Only the pictures should be left out; repeat the rest of the data exactly.

Captioned web images:

──────

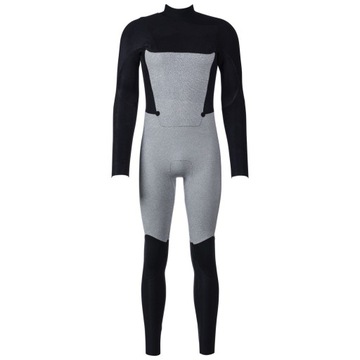 Мужской гидрокостюм NEILPRYDE Wizard 5/4 FZ 54/XL темно-синий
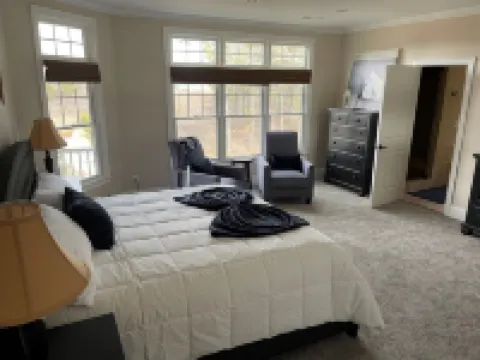 NEW!! Cape Cod Estate with Access to Private Sandy Beach and Dock!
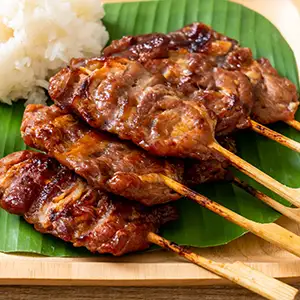 Moo Ping - Pre-Event Activities - Fringe Activities - Thai Event Food - Event Snacks - Event Bites - Event Services Singapore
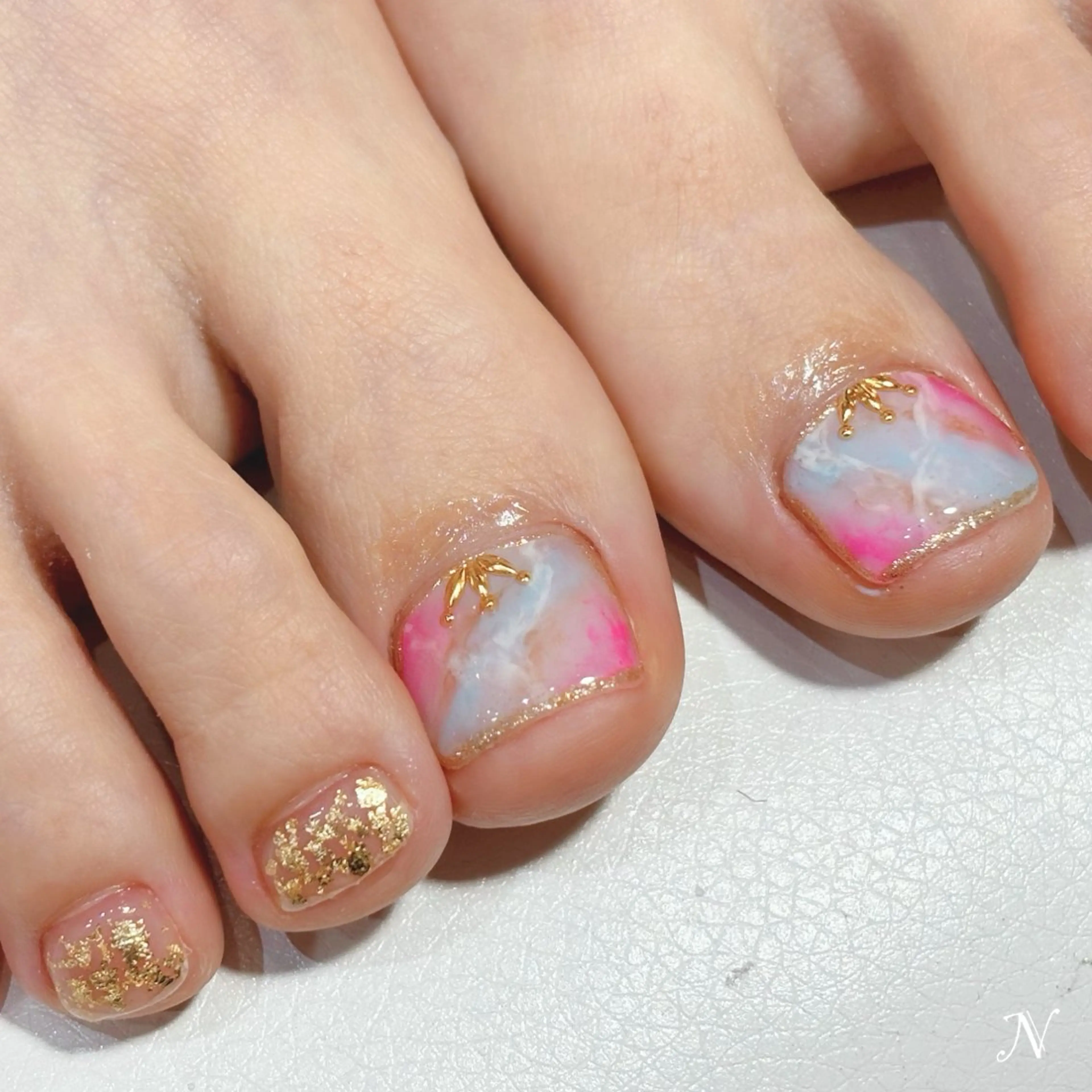 ネイル stimu nail 高野のネイルデザイン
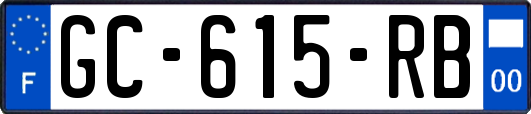 GC-615-RB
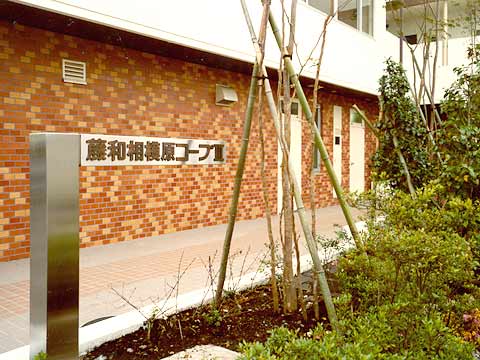 藤和相模原コープIII-h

──────

Answer space:
 Мужской гидрокостюм NEILPRYDE Wizard 5/4 FZ 54/XL темно-синий
 NEW!! Cape Cod Estate with Access to Private Sandy Beach and Dock!
 Moo Ping - Pre-Event Activities - Fringe Activities - Thai Event Food - Event Snacks - Event Bites - Event Services Singapore
 ネイル stimu nail 高野のネイルデザイン
 GC-615-RB
 藤和相模原コープIII-h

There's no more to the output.